WHAT YOU ARE ASKED TO DO:
Transcribe exactly the line in which "Un incendiu pe" occurs, plus every line that comes after it up to the end of the entries.

Short web captions:
------------------------------------------------

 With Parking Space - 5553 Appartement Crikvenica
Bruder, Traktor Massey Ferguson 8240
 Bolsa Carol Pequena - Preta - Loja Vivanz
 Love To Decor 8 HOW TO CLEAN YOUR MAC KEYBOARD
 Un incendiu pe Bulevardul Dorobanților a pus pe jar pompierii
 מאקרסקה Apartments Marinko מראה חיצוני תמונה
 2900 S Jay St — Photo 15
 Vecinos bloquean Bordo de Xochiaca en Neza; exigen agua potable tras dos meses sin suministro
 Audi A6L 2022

------------------------------------------------

OUTPUT BELOW:
 Un incendiu pe Bulevardul Dorobanților a pus pe jar pompierii
 מאקרסקה Apartments Marinko מראה חיצוני תמונה
 2900 S Jay St — Photo 15
 Vecinos bloquean Bordo de Xochiaca en Neza; exigen agua potable tras dos meses sin suministro
 Audi A6L 2022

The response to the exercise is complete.